Schumacher won two world championships with Benetton in the 1990s and five more with Ferrari in the 2000s before retiring from the sport at the end of 2006.
He returned in 2010 as part of the line-up for the new Mercedes team alongside Nico Rosberg, before finally hanging up his race suit for good at the end of 2012 after taking part in a total of 306 races.
A year later he suffered a serious brain injury while skiing with his family, including son Mick who was 14 at the time. He continues to recover at his Swiss home with the family preferring to keep his current condition private.

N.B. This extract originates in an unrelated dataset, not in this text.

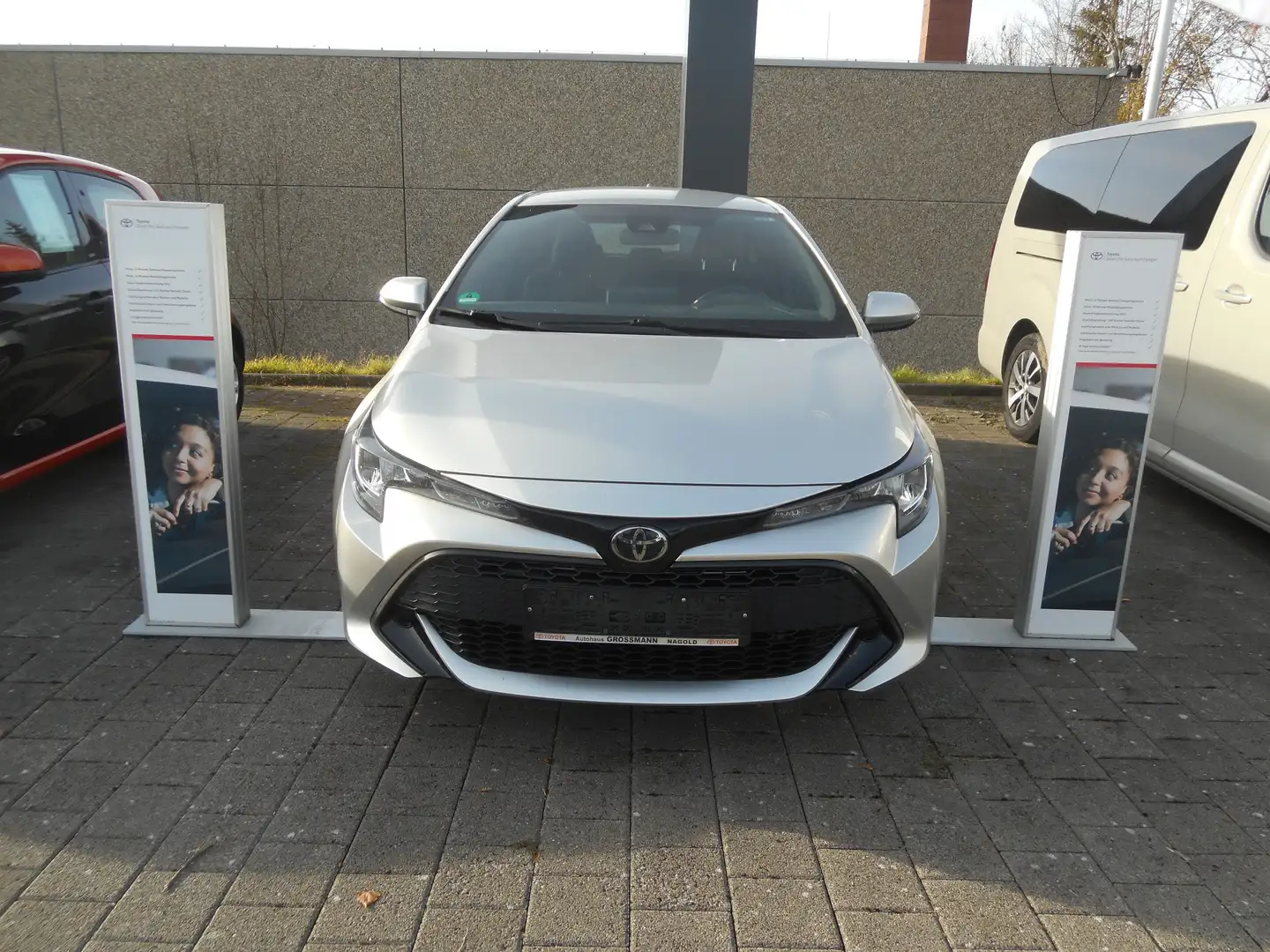 Toyota Corolla Comfort 1,2 ltr. Alu Klima scheckheft-gepflegt RFK Grijs - 2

But the extent of his absence in the intervening years had been laid bare by Mick's comments in a new Netflix documentary about his father life.
"Dad and me, we would understand each other now in a different way now," he said in an interview filed for Schumacher. "Simply because we speak a similar language, the language of motorsport.

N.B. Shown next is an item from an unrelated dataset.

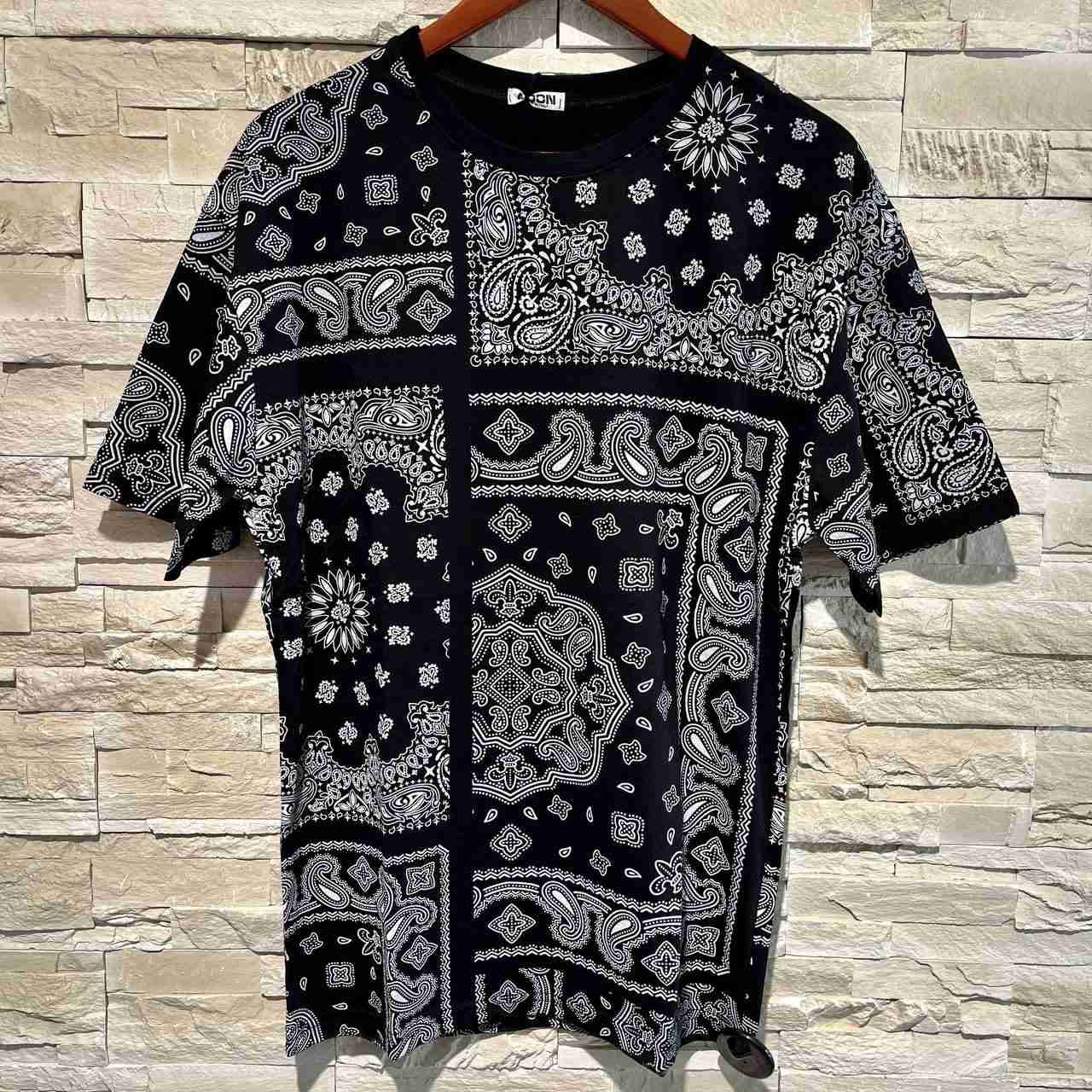 T-shirt bandana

"We would have so much more to talk about," he added. "That's where my head is most of the time. Thinking that it would be cool that would be. I would give up everything just for that."
That would undoubtedly be a huge sacrifice for anyone to make: since his father's accident, 22-year-old Mick has gone on to forge his own successful career in motorsport.

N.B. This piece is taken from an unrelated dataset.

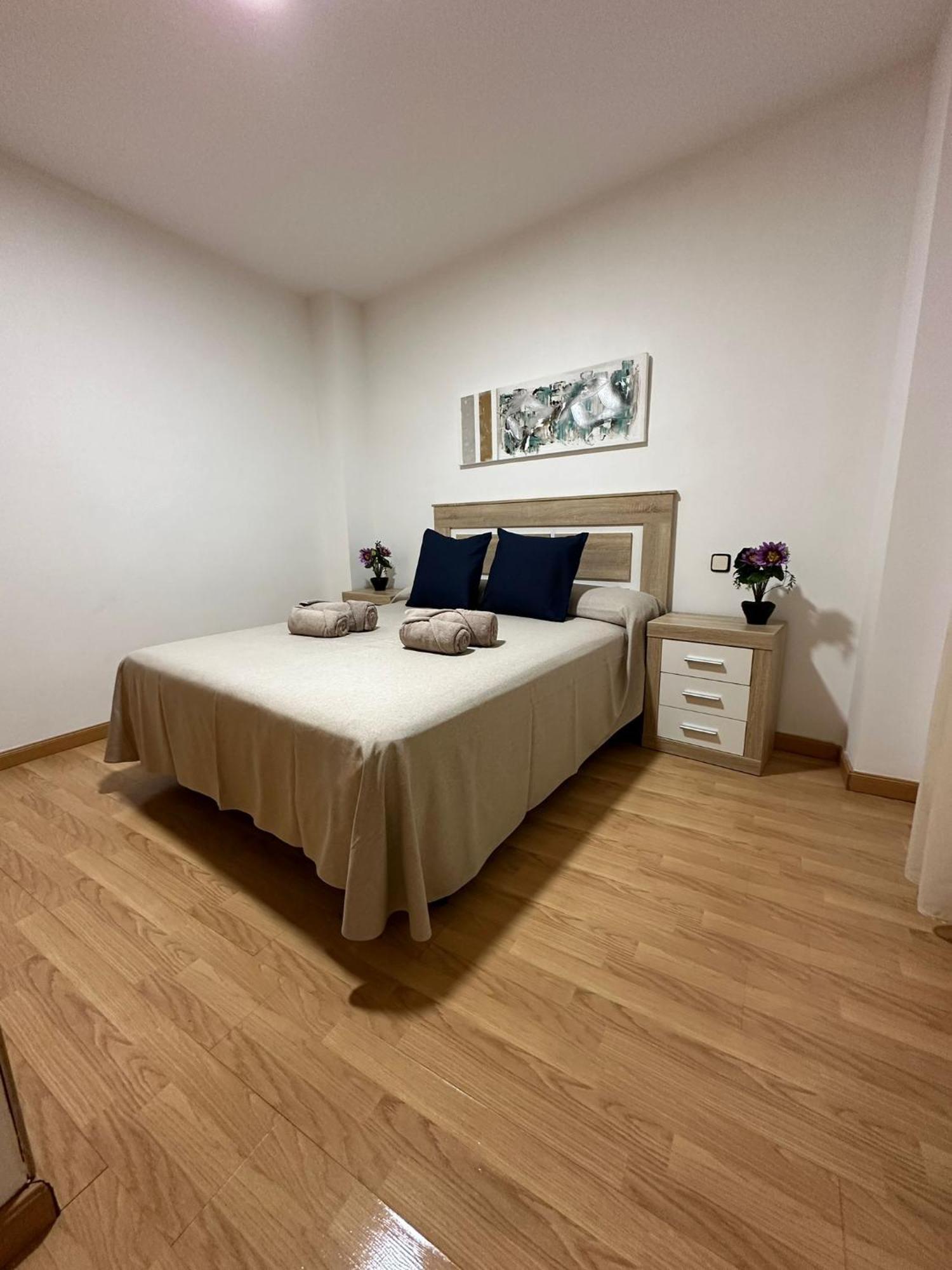Cruz25 Apartment Alcalá de Henares Екстериор снимка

After a low-key start in karting, Mick moved to single-seaters in the Italian F4 series in 2016 and in 2018 secured the FIA Formula 3 European title with Prema that opened the door to Formula 2 in which he emerged victorious in 2020.
That led to his Formula 1 race debut with the Haas F1 Team at the start of this year.
However the current VF-21 chassis is not seen as competitive. Mick and his team mate Nikita Mazepin are the only full-time drivers not to have secured a point in the first 14 races of the current season.
While the future undoubtedly offers better things to come in F1, Mick understandably often finds him thinking about the past.
"When I think about the past now, the images that pop up in my head are usually the four of us having fun," he said, referring also to his mother Corinna and sister Gina-Maria.
"I see images of us driving a go-kart in the meadow. I see images of us when we're out and about with the ponies, sitting on the carriage. Really many moments that resonate with joy.
"Since the accident, these experiences, these moments that I believe many people have with their parents, are no longer present, or to a lesser extent.
"And in my view, that is a little unfair."